The major question that this work raises is whether or not a provable notion of quantum learning could be achievable for a particular data set, thereby solidifying a use case for quantum computers in the near term with provable advantage. The best prospect for this is the quantum supremacy distributions we know of (for example, IQP), but they are not efficiently testable63. Owing to this, they are also likely to not be efficiently learnable either, given the close relationship between distribution testing and learning64. Furthermore, we can see from the exponential scaling required in Eq. (38) for regularised OT to upper bound TV that other techniques are necessary to achieve QLS, since the methods we present here are not suited to this particular task, despite achieving our goal of being stronger than the MMD for generative modelling. However, this assumes that we have access only to classical samples from the distribution, and the possibility of gaining an advantage using quantum samples38,58 is unexplored in the context of distribution learning.


In this section, we detail the methods used to train the QCIBM to reproduce a given probability distribution.
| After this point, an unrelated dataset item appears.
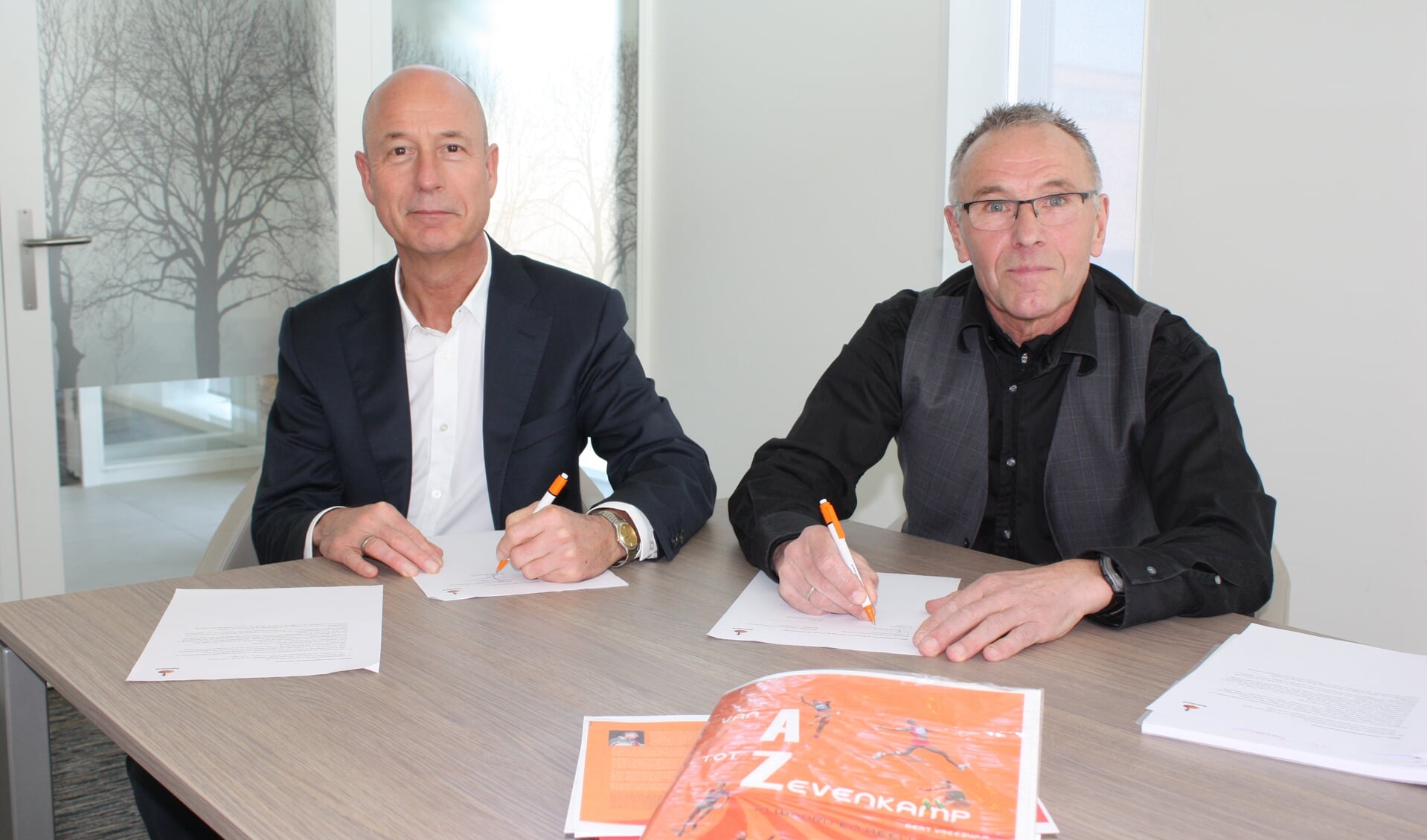 • Bert Vreeswijk (rechts) en Walther Buijs tekenen de sponsorovereenkomst.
The target distribution is the one given by Eq. (44), which is used in both refs 65,66 to train versions of the quantum Boltzmann machine:

$$\pi ({\mathbf{y}}): = \frac{1}{T}\mathop {\sum}\limits_{k = 1}^T {p^{n - d_{\rm{H}}(s_k,{\mathbf{y}})}} (1 - p)^{d_{\rm{H}}(s_k,{\mathbf{y}})}.$$

To generate this data, T binary strings of length n, written sk and called ‘modes’, are chosen randomly. A sample y is then produced with a probability that depends on its Hamming distance dH(sk, y) to each mode. In all of the above, the Adam67 optimiser was applied, using the suggested hyperparameters, i.e. \(\beta _1 = 0.9,\;\beta _2 = 0.999,\;{\it{\epsilon }} = 1 \times 10^{ - 8},\) and initial learning rate, ηinit. This was chosen since it was found to be more robust to sampling noise14.

In all of the numerical results, we used a QAOA structure as the underlying circuit in the QCIBM. Specifically, the parameters in Uf were chosen such that k, Γk = π/4, Δk = 0, and Σk = 0. The Ising parameters {Jij, bk} were initialised randomly.

For the SD, we used 3 Nyström eigenvectors to approximate the Spectral score in Fig. 3 for 3 qubits, and 6 eigenvectors for 4 qubits. In all cases when using the MMD with a Gaussian kernel, we chose the bandwidth parameters, σ = [0.25, 10, 1000]14. Note that this article was previously published as a preprint68.